Collected material:
____
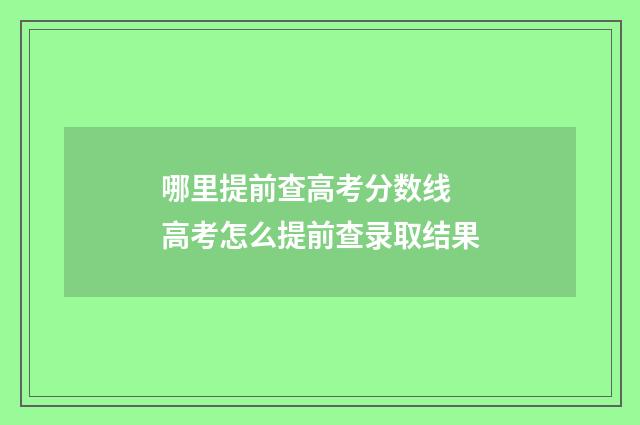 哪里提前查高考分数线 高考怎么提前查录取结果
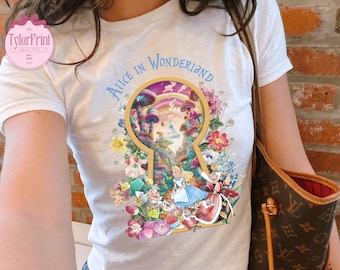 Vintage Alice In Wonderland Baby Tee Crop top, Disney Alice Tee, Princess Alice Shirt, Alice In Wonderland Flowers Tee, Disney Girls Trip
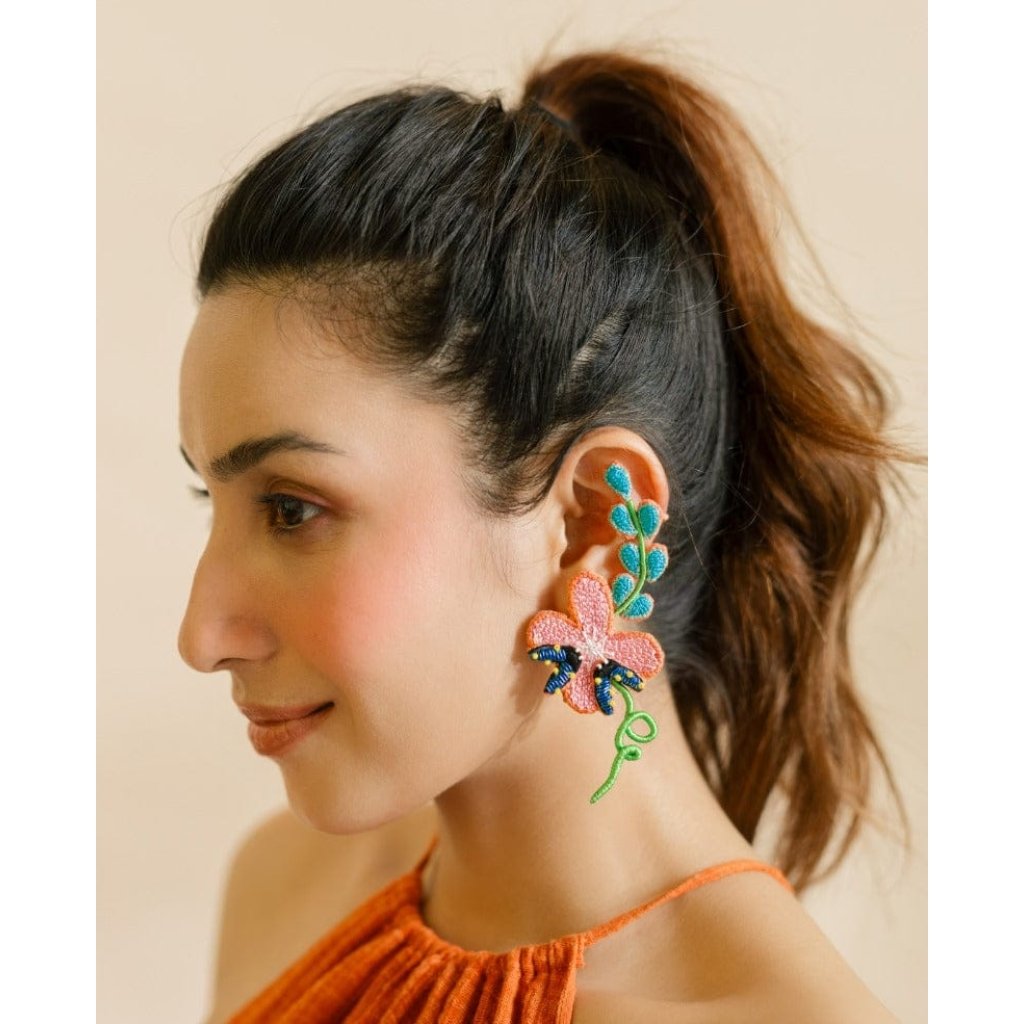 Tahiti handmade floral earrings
____
Work order: Give the listing again in full, exactly as it is, but without its images.

Result for this exercise:
 哪里提前查高考分数线 高考怎么提前查录取结果
 Vintage Alice In Wonderland Baby Tee Crop top, Disney Alice Tee, Princess Alice Shirt, Alice In Wonderland Flowers Tee, Disney Girls Trip
 Tahiti handmade floral earrings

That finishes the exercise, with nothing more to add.